(Dataset records)

----

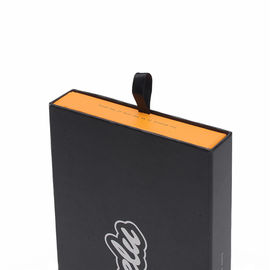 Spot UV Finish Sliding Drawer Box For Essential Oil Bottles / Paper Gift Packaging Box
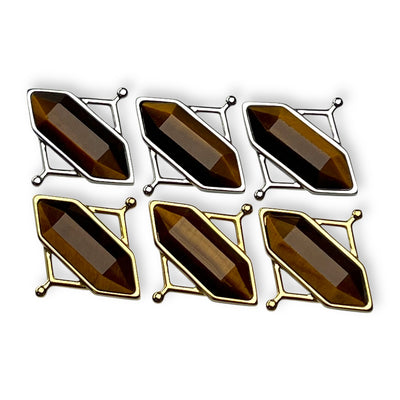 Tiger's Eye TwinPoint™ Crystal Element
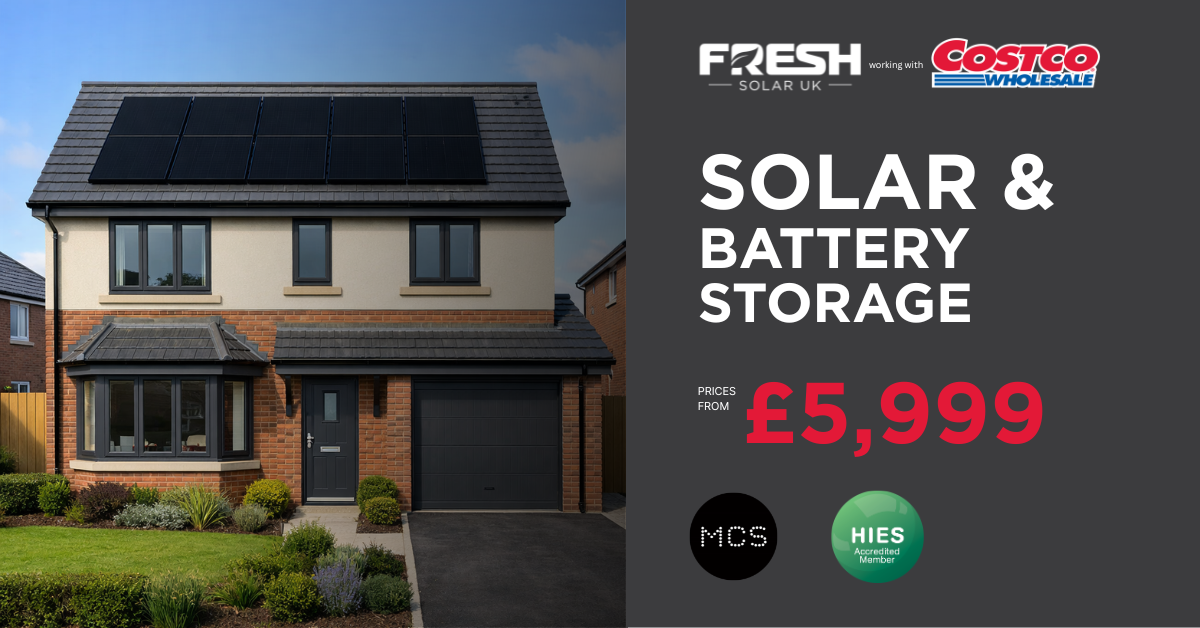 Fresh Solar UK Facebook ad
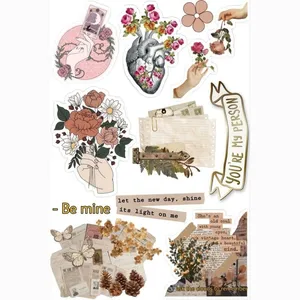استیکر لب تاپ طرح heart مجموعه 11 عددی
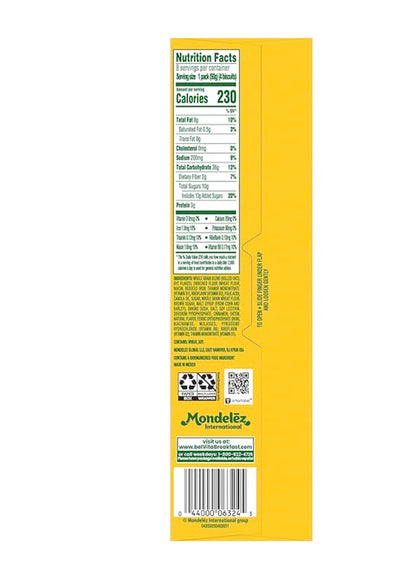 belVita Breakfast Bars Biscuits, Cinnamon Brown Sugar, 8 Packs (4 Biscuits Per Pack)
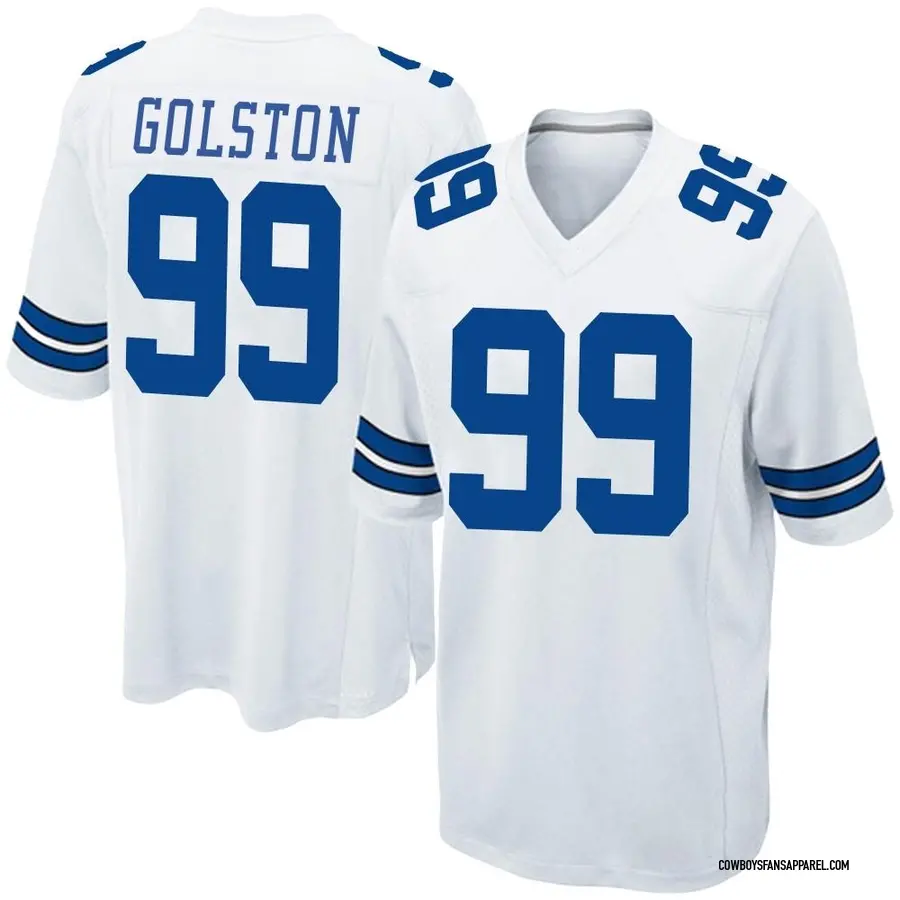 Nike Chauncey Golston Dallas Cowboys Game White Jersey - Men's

----

**Task statement**
Output only the lines running from the line with "belVita Breakfast Bars" through the last line of the entries above, inclusive, with pictures excluded.

**Task output**
 belVita Breakfast Bars Biscuits, Cinnamon Brown Sugar, 8 Packs (4 Biscuits Per Pack)
 Nike Chauncey Golston Dallas Cowboys Game White Jersey - Men's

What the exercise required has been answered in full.